June 8 A 2.5-minute video of the suspect's confession is released. Fars News casts doubt on the robbery motive.

== Controversies and Public Doubts ==

=== Missing CCTV Footage ===
Namaz Square and nearby areas are densely monitored. The lack of footage showing Hosseinnejad boarding the vehicle raised questions.

=== Concealment of Suspect's Identity ===
Unlike in other cases, the suspect's face was obscured by dual masks. This unusual treatment was widely criticized.

=== Conflicting Motives ===
Initial claims referenced robbery; later reports suggested attempted sexual assault, and eventually, a confrontation over behavior and appearance. These shifts, along with online activity linked to the suspect, led to suspicions of ideological motives.

=== Body Discovery Location ===
Initial police reports cited the vicinity of Mehrabad Airport. Later videos indicated an entirely different area: Shamsabad Industrial Zone in south Tehran, far from the first location.

=== Ride-hailing Employment ===
Authorities confirmed that the suspect had previously worked with Snapp. While officials stated the murder occurred outside the platform, questions arose about vetting drivers with criminal backgrounds.
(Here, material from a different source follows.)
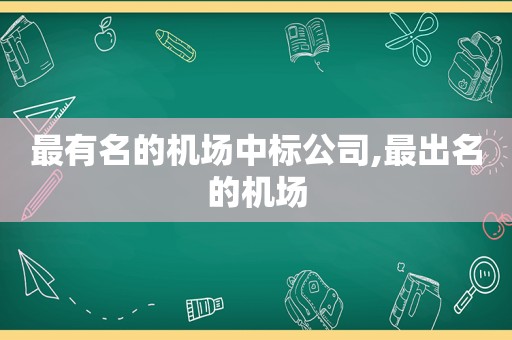 最有名的机场中标公司,最出名的机场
=== Government Criticism ===
Widespread criticism on social media targeted the Iranian authorities for systemic discrimination and failure to protect women. Users noted the contradiction between the regime's facial recognition efforts to enforce hijab and the 11-day delay in tracking a missing woman.

== Social Activism ==
On her Instagram page, Hosseinnejad had posted stories supporting dissident artists and the "Women, Life, Freedom" movement. She had also expressed opposition to the execution of Mohammad Hosseini, a protester arrested in the 2022–2023 protests.

== Similar Cases ==
Hosseinnejad's case was compared to that of Samaa Jahanbaz, a 22-year-old woman who went missing in Shiraz in 2022. Both cases involved young women who disappeared under unclear circumstances and drew public attention.

== Reactions ==
=== Politicians ===

- Zahra Pezeshkian, representing President Masoud Pezeshkian, met with Hosseinnejad's family on June 7 and conveyed the president's condolences.
- Narges Mohammadi, imprisoned Nobel Peace Prize laureate, wrote: "Elaheh was not killed merely on the road from Tehran to Eslamshahr—but on a path paved by state violence against women across Iran."
- Reza Pahlavi, Iranian crown prince in exile, blamed the Islamic Republic: "As long as this regime promotes political violence and normalizes misogyny, no Iranian woman will be safe."
- Hossein Ronaghi criticized the regime's focus on enforcing hijab over public safety.
- Masih Alinejad questioned how a woman could vanish under numerous city cameras, yet no trace was found.
- Nazanin Boniadi stated: "This regime is not blind - it is complicit in every honor killing and every cover-up."
- Saeed Ohadi, head of the Martyrs Foundation, dismissed the outrage as media exaggeration.

=== Athletes ===

- Rasoul Khadem linked Hosseinnejad's murder with that of Amir Mohammad Khaleghi, calling both victims of a wounded nation.
- Mohammad Khodabandelou, a footballer for Persepolis FC, visited her family on June 6. Elaheh was known to support the team.
- The Persepolis Club posted a tribute to her on Instagram.
- Voria Ghafouri wrote that the murder reflected deep social and psychological problems in Iranian society.
- Nahid Kiani, taekwondo champion, posted on Instagram: "90 million Iranians are wounded."

=== Artists and Celebrities ===
Numerous actors, musicians, and public figures shared tributes on social media. Singer Alireza Ghorbani paid tribute to Elaheh during a live concert on June 5.